Ecco in cosa consiste il bispensiero, nelle parole dello stesso Orwell:
Sapere e non sapere; credere fermamente di dire verità sacrosante mentre si pronunciavano le menzogne più artefatte; ritenere contemporaneamente valide due opinioni che si annullavano a vicenda; sapendole contraddittorie fra di loro e tuttavia credendo in entrambe, fare uso della logica contro la logica; rinnegare la morale proprio nell'atto di rivendicarla; credere che la democrazia sia impossibile e nello stesso tempo vedere nel Partito l'unico suo garante; dimenticare tutto ciò che era necessario dimenticare ma, all'occorrenza, essere pronti a richiamarlo alla memoria, per poi eventualmente dimenticarlo di nuovo.
Non sembra così romanzesco. È innegabile che qui la fantasia abbia qualche punto di contatto con la realtà. Molti di noi avranno l’impressione di conoscere bene questo bispensiero che pare aver travolto la politica internazionale. Chiamare “pace” la sopraffazione e chiamare “verità” la menzogna non sono più abitudini così fantascientifiche. Sostenere oggi l’invaso e domani dimenticarsene, schierandosi dalla parte dell’invasore; invertire i ruoli; raccontare bugie passandole per fatti; ergersi a difensori della democrazia fintanto che, pezzo dopo pezzo, ci cerca di demolirne le istituzioni, limitare la privacy di dipendenti pubblici e privati… tutto ciò sembra diventato parte di un sinistro programma politico abbracciato dalle diverse superpotenze mondiali.
Di fronte a questa situazione, si rende necessario riflettere sul futuro dell’Europa, ovvero sul nostro futuro. E di fronte a questo futuro, al momento, si ergono due grandi rischi.
Il cavallo Boxer e il Wishful Thinking
Per illustrare il primo rischio rimaniamo su Orwell, ma passiamo all’altro suo grande classico, La fattoria degli animali, e alla tragica storia di uno dei suoi protagonisti: il cavallo Boxer.
La fattoria degli animali è una favola nera, in cui lo scrittore britannico costruisce una grottesca metafora per riflettere sulla tragedia della dittatura staliniana che, proprio negli anni dell’uscita del libro, aumentava il proprio potere. Gli animali di una fattoria decidono di mettere insieme le forze per ribellarsi allo sfruttamento impostogli dagli umani e per creare una società più equa e giusta.
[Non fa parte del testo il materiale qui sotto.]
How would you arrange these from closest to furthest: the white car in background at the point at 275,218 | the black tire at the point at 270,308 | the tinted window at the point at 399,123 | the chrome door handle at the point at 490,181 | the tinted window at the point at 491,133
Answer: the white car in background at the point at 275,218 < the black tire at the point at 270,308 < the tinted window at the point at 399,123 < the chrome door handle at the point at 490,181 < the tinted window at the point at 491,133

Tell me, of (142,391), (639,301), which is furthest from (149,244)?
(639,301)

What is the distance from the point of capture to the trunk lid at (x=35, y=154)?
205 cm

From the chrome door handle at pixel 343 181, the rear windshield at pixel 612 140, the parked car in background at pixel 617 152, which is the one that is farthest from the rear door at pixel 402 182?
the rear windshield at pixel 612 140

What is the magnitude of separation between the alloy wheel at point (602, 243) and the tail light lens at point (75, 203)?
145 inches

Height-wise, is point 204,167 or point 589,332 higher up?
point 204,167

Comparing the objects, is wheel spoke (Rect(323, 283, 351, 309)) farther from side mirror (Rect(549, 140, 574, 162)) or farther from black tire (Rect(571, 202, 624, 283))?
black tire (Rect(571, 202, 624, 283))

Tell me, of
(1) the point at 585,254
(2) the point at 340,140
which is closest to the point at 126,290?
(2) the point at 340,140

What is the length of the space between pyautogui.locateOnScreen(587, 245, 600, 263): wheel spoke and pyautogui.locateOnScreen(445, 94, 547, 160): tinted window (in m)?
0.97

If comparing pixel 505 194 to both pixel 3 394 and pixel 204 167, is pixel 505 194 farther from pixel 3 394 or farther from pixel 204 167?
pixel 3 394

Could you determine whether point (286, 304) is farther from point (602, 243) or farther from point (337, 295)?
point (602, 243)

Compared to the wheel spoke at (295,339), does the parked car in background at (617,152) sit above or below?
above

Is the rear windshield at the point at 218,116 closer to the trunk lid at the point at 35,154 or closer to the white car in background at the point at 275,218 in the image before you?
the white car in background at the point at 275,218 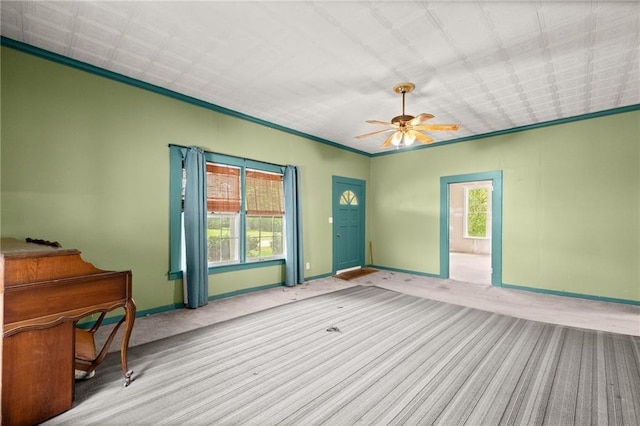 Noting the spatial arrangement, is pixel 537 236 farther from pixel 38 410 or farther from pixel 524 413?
pixel 38 410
Presto, però, l’utopia egualitaria sfocia in una feroce dittatura comandata dai maiali e, in particolare, dal loro leader Napoleone.
Non tutti, però, sembrano accorgersi della svolta autoritaria imposta da Napoleone. In particolare Boxer, un cavallo da tiro forte e dedito al lavoro, uno degli animali che più avevano contribuito alla rivolta contro gli umani, di fronte ai primi segni dell’autocrazia continua a credere che tutto si risolverà, che i piccoli “incidenti di percorso” verranno tolti di mezzo da Napoleone, il quale ha senz’altro a cuore il benessere di tutti gli animali. Anche quando vede con i propri stessi occhi i segni della corruzione (il lusso a cui solo i maiali possono accedere, mentre il resto della fattoria muore di fame), si rifiuta di mettere in dubbio il regime.
Infine, in una delle pagine orwelliane più commoventi, Boxer, reso inabile dal troppo lavoro, viene venduto a un macellaio da quegli stessi maiali dai quali, nemmeno in punto di morte, riuscirà ad emanciparsi.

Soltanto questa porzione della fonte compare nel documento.